I strongly reccomend this book to a variety of professionals for different reasons:
* to not so experienced Managers and Project Managers: it gives a great overview of how is possible to integrate IT in business/projects in order to take fully advantage of using accurate data, benefit actionable information, be results oriented. Also it shows how is possible to succesfully manage design and implement a Performance Dashboard project, and use it to empower people, stay on target, understand the big picture. This is an excellent start to understand how to deal with IT projects, and how to smartly use IT in taking right time decisions.
* to experienced Managers and Project Managers: a superb view of how to communicate better with IT, speak same language and design results oriented applications. The author presents very well how is possible try to balance and to compromise (and hopefully succeed!) the IT need of planning, and clear specifications, and management desire to have the final product in place over the night. Strongly hope the managers will better understand this process and they will learn it is worth while spend some more time with planning and testing, instead of waisting 10 times more later, in desperate attempts to catch up with changes, running around the clock and making last time improvements.

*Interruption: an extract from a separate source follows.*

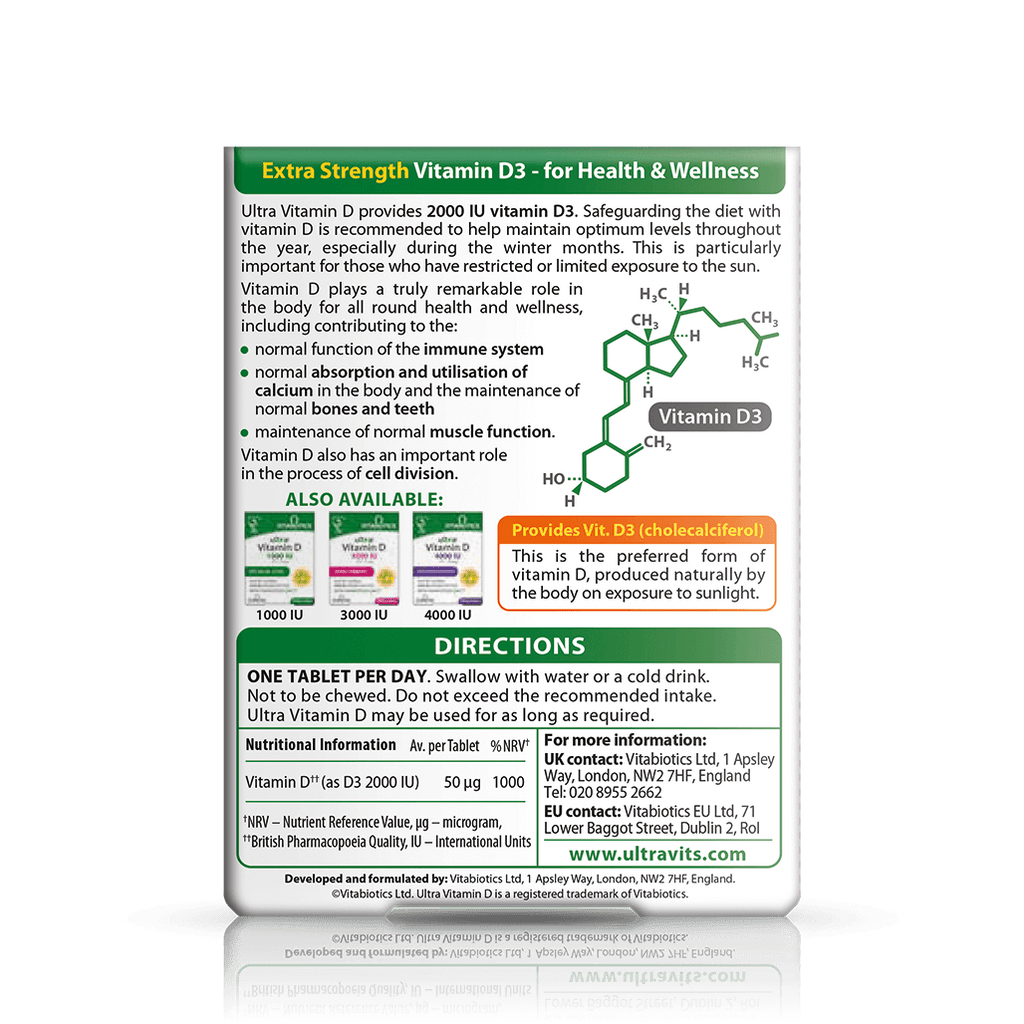 Wellness Support Bundle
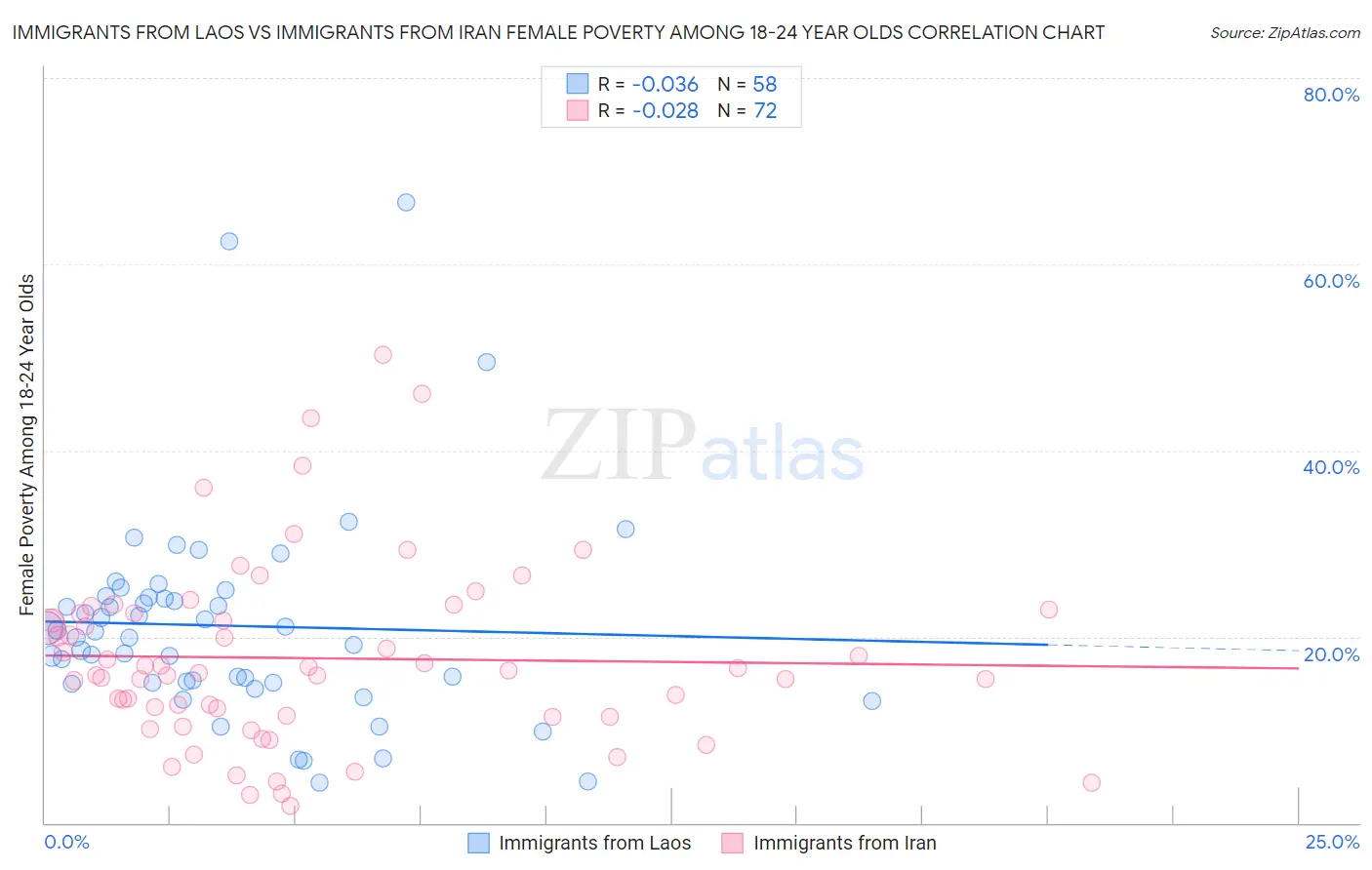 Immigrants from Laos vs Immigrants from Iran Female Poverty Among 18-24 Year Olds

* for IT professionals: it might be a back on earth lesson. In a lot of companies IT is a tool to reach business objectives and not the ultimate goal. The people wich are not so IT skilled might be good some other places, and is nice they are like this. If IT experts will spend some more time with them, they finally might understand how can use IT applications in their advantage.

I will keep it as a future refference when I'll be in the position to design performance measurement databases, customize reports, plan data analyzis, join teams with IT experts. Thank you Wayne, this really helped me!